In [20]:
from sklearn.datasets import load_iris
from sklearn.metrics import accuracy_score
from sklearn.model_selection import train_test_split
import xgboost as xgb

In [2]:
iris = load_iris()
len(iris['data'])

150

In [3]:
num_samples, num_features = iris.data.shape
num_samples, num_features

(150, 4)

In [4]:
print(iris.target_names)

['setosa' 'versicolor' 'virginica']


Let's divide our data into 20% reserved for testing our model, and the remaining 80% to train it with. By withholding our test data, we can make sure we're evaluating its results based on new flowers it hasn't seen before. Typically we refer to our features (in this case, the petal sizes) as X, and the labels (in this case, the species) as y.

In [5]:
X_train, X_test, y_train, y_test = train_test_split(iris.data,
                                                    iris.target,
                                                    test_size=0.2,
                                                   random_state=0)
len(X_train), len(X_test), len(y_train), len(y_test)

(120, 30, 120, 30)

Now, we'll load up XBoost, and covert our data into the DMatrix format it expects. One for the training data, and one for the test data

In [13]:
train = xgb.DMatrix(X_train, label=y_train)
test = xgb.DMatrix(X_test, label=y_test)
train, test

(<xgboost.core.DMatrix at 0x163e3f070>, <xgboost.core.DMatrix at 0x106e153d0>)

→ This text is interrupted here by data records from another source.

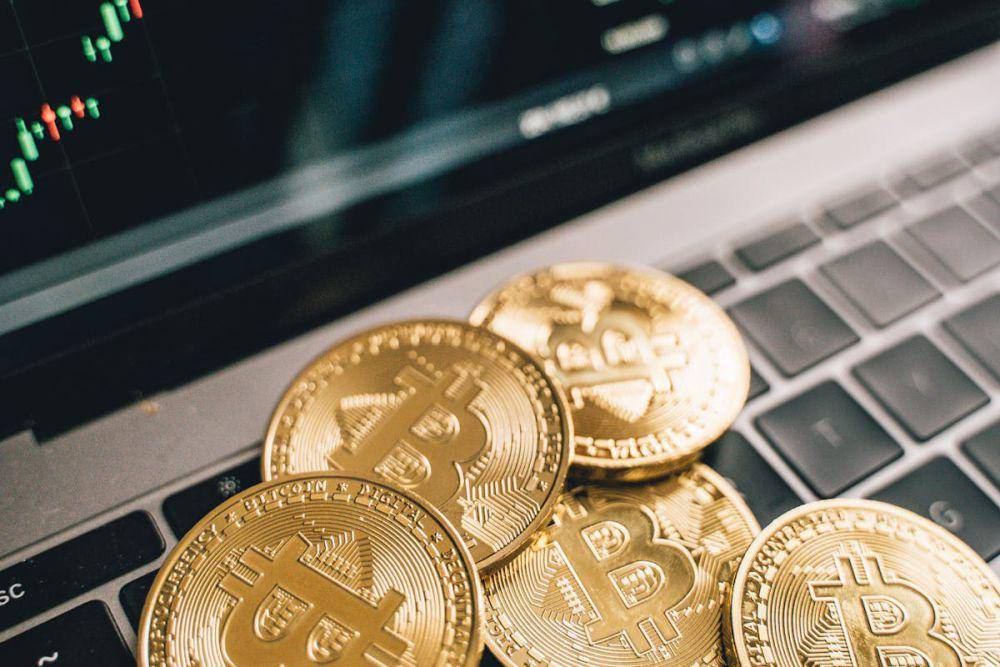 ilustrasi tabungan emas digital (pexels.com/Alesia Kozik)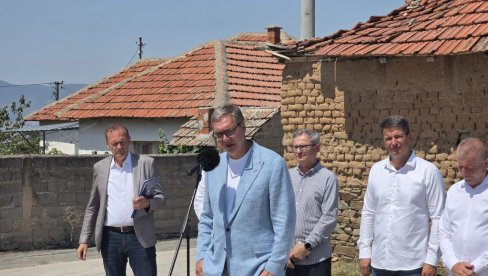 САМО ВИ МОЖЕТЕ ДА ОСТАНЕТЕ, НЕ ТРЕБА НИКО ДРУГИ“  Мештанка Славујевца Вучићу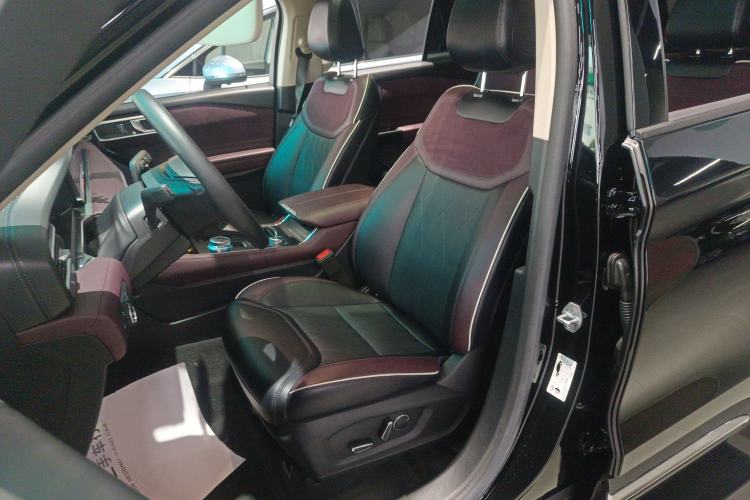Used Ford Explorer 2023 EcoBoost 285 Four-Wheel Drive Titanium Edition 6 Seats Left Front Seat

Now we'll define our hyperparameters.  We're choosing softmax since this is a multiple classification problem, but the other parameters should ideally be turned through experimentation.

In [16]:
param = {
    'max_depth': 4,
    'eta': 0.3,
    'objective': 'multi:softmax',
    'num_class': 3
}

epochs = 10

Let's go ahead and train our model using these parameters as a first guess.

In [17]:
model = xgb.train(param, train, epochs)
model

<xgboost.core.Booster at 0x106e15a30>

Now we'll use the trained model to predict classifications for the data we set aside for testing.  Each classification number we get back corresponds to a specific species of Iris.

In [18]:
predictions = model.predict(test)
predictions

array([2., 1., 0., 2., 0., 2., 0., 1., 1., 1., 2., 1., 1., 1., 1., 0., 1.,
       1., 0., 0., 2., 1., 0., 0., 2., 0., 0., 1., 1., 0.], dtype=float32)

In [21]:
accuracy_score(y_test, predictions)

1.0